This is an article from The Law Office of Russell M. Blood (https://www.russbloodlaw.com/) in South Jordan, Utah, that we thought others may find helpful.
Most people have heard that estate planning is important and that putting a plan in place is, as Martha Stewart would say, a “good thing.” Unfortunately, many people never get around to doing anything about it either because there isn’t an urgent need or they just find the whole topic to be disconcerting and confusing. Many people don’t make the effort to put an estate plan in place because they don’t understand the nuances between wills and trusts – and then they end up dying without either.
Below is a broad outline of what happens if you die with or without a will or a trust. For these examples, I’m assuming you have children, but no spouse:
1. Intestate. Yes – dying intestate is a choice that many people make by default. If you should die “intestate” (lawyer’s fancy word meaning without a will or trust) and own property solely in your name when you die, your estate will probably have to be probated. Since the probate courts are public courts of record, the world will know what you owned, what you owed, and who got what. The person handling your estate, called your “personal representative”, will pay any debts you owe at the time of your death to the extent there are available assets.
After that, state law will decide who gets what and when.
- For example, if your only heirs are your children and you have not provided any instructions, state law will mandate divvying up proceeds equally.
- Your older children will get their shares immediately if they’ve reached the age of adulthood.
- If you have children who haven’t reached the age of adulthood, the court will appoint a guardian to manage their money until they become adults. That person is called a “conservator” and they will be under the court’s supervision (meaning $$) for as long as the child is a minor or until the money runs out.
- Shockingly, the conservator can charge a lot of money and be a total stranger – as can the guardian who raises your child, if you didn’t appoint one.
- If you don’t make and write down these important decisions, the court, not you, will decide who raises your minor children and who spends your money for that purpose.
In today’s world where someone is always looking for an opportunity to take advantage of others, it’s not uncommon for predators (fake creditors) who learn of someone’s death through the probate publication process to show up and demand payment – even if they’re not owed anything. Beware!
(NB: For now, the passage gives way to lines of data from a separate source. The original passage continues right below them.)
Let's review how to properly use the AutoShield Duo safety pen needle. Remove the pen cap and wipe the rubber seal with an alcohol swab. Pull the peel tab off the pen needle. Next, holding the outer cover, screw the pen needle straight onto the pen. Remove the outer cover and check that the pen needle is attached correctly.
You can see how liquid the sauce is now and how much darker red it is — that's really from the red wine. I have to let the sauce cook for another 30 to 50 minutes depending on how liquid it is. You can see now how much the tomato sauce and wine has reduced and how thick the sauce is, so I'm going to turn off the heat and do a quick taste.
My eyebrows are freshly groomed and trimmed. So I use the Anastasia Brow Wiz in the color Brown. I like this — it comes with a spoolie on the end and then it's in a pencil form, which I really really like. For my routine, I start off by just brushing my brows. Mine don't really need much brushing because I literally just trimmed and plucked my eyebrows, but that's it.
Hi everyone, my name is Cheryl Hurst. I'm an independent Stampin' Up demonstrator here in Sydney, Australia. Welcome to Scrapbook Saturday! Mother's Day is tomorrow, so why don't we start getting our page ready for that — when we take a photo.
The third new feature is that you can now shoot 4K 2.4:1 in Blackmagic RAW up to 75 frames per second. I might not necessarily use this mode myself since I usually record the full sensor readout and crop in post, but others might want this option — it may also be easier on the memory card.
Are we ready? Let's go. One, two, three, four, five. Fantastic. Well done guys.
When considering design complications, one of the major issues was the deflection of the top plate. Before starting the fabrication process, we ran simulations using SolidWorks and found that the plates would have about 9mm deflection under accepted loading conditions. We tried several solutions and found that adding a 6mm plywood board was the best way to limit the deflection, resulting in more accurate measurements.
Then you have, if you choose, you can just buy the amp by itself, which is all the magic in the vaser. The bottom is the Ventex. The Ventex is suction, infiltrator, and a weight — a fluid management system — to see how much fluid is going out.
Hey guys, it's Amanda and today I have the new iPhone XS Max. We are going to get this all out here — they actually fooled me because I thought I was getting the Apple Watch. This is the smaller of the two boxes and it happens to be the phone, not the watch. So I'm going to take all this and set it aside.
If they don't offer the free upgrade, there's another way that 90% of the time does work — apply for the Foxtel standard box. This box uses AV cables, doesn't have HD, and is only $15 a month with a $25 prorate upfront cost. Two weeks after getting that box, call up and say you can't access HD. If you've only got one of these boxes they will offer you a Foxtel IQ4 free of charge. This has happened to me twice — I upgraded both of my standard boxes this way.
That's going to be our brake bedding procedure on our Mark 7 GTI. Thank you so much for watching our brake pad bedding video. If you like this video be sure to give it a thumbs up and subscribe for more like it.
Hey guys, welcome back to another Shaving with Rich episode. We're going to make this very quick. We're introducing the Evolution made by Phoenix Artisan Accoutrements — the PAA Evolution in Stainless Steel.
The bottom line? Dying intestate allows state law and the probate court to make all the decisions for you – regardless of what your intent might have been. Publicity is guaranteed!
2. Will (sometimes called “Last Will and Testament”). A will is your instruction letter to the probate court telling it how you want your estate to be handled and who is in charge of handling it. If you die with a valid will and own assets solely in your name, your property will still probably go through the probate process. However, after creditors have been paid, the remaining assets go to the people you name as your beneficiaries in your will.
- If you name a conservator to manage money for your minor children and appoint someone to raise them, the court will usually abide by your wishes.
- The same holds true if you directed that some of your assets be given to a charity, your Aunt Betty, or your neighbor.
- Don’t forget that predatory creditors will still be an issue, since notice of your death will have been publicized. Even with a will, probate is a public process.
The bottom line? While a court oversees the process, having a will allows you to tell the court exactly how you want your estate to be handled, but, a public probate is still guaranteed.
3. Trust. A trust is a contract you make with yourself to hold your property during your lifetime and provide instructions for what happens to it if you become mentally disabled or die. The person in charge of managing the trust is called a “trustee”. During your lifetime, you can be the trustee of your own trust, so you don’t have to give up any control over your property.
If you’ve created a trust, you’ve taken control of your estate plan and your assets. Trust assets are not subject to the probate process and one of the most important benefits of trusts is that they are private. Notices are only published if the trustees have concerns about possible creditors, so you may avoid predators coming after your estate.
Your trust will spell out your specific instructions about how your assets should be distributed and when.
- The key to making a trust work the way you expect it to work is to make sure it is fully “funded”.
- A “funded” trust is one for which your assets have been retitled in the name of your trust or your trust is named as beneficiary of assets like insurance policies and in some cases, retirement plans.
- Think of your trust as a big empty box you can use to give your property to someone after you die. If the box is empty, it doesn’t do much good.
You still need a will to pour any assets you leave out of your trust into it and to name guardians for minor children.
The bottom line? Trusts allow you to maintain control of your assets through your chosen trustee either during a time of lifetime mental disability or after death, avoid probate, and leave specific instructions to help protect what you leave behind for your family from their creditors and predators.